Segment Open
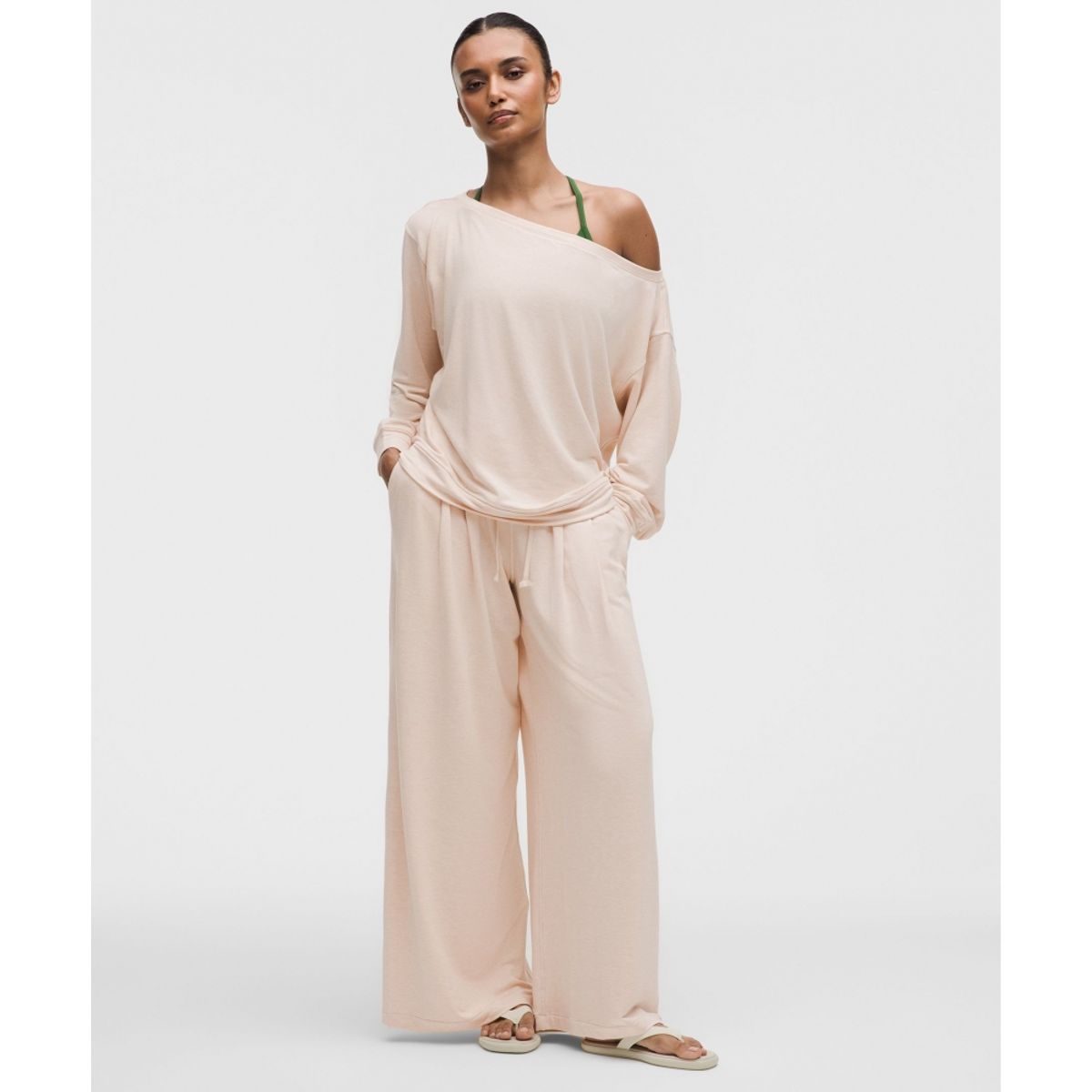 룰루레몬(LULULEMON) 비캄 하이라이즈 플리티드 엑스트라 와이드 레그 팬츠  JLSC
Segment Closed
Segment Open
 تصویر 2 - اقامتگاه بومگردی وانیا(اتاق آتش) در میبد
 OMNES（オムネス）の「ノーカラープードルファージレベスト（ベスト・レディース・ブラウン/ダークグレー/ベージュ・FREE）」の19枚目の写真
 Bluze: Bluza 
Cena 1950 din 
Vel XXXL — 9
Segment Closed
Segment Open
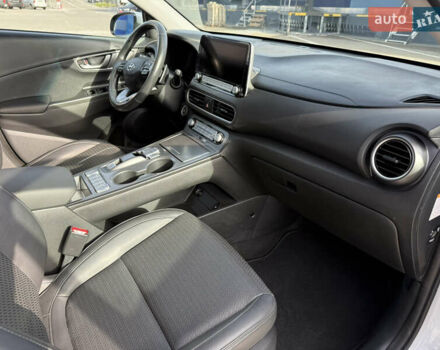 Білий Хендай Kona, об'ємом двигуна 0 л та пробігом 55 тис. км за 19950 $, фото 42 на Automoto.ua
Segment Closed
EXERCISE OBJECTIVE —
Reproduce the lines above, beginning at the line with "OMNES（オムネス）の「ノ" and stopping after the line with "Vel XXXL — 9", exactly as they are.

RESULT FOR THIS EXERCISE —
 OMNES（オムネス）の「ノーカラープードルファージレベスト（ベスト・レディース・ブラウン/ダークグレー/ベージュ・FREE）」の19枚目の写真
 Bluze: Bluza 
Cena 1950 din 
Vel XXXL — 9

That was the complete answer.